Goal of the exercise:
Please check every line of the listing for "Volkswagen" and copy each line where it is found.

Information shown:
((

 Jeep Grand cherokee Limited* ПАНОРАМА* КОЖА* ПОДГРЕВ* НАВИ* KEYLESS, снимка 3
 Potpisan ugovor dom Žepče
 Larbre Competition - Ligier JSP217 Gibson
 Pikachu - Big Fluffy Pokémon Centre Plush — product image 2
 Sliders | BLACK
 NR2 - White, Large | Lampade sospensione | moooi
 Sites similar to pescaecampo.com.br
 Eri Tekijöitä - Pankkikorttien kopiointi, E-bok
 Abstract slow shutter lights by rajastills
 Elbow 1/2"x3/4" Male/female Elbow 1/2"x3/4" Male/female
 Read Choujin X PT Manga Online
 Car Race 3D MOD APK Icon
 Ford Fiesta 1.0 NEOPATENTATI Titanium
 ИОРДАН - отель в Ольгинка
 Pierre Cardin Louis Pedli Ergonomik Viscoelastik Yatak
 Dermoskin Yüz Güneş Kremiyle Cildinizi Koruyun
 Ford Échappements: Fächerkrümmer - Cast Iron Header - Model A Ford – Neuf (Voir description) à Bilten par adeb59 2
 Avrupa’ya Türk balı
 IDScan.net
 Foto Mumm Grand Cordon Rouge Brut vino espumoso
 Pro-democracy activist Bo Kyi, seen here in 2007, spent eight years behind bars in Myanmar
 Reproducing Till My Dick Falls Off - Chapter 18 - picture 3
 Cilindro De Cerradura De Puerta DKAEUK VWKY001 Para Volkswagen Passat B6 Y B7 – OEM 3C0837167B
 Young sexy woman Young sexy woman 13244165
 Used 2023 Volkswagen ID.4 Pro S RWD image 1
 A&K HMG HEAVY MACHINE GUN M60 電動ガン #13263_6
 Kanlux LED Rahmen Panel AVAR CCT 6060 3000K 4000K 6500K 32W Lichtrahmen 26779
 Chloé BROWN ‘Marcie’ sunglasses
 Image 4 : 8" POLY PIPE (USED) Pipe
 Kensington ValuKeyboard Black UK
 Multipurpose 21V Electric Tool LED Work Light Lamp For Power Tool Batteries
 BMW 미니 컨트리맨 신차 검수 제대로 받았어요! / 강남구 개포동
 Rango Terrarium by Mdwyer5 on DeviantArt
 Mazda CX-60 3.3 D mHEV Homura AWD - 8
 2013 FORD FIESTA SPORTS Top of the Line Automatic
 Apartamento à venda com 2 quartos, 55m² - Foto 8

))

The answer:
 Cilindro De Cerradura De Puerta DKAEUK VWKY001 Para Volkswagen Passat B6 Y B7 – OEM 3C0837167B
 Used 2023 Volkswagen ID.4 Pro S RWD image 1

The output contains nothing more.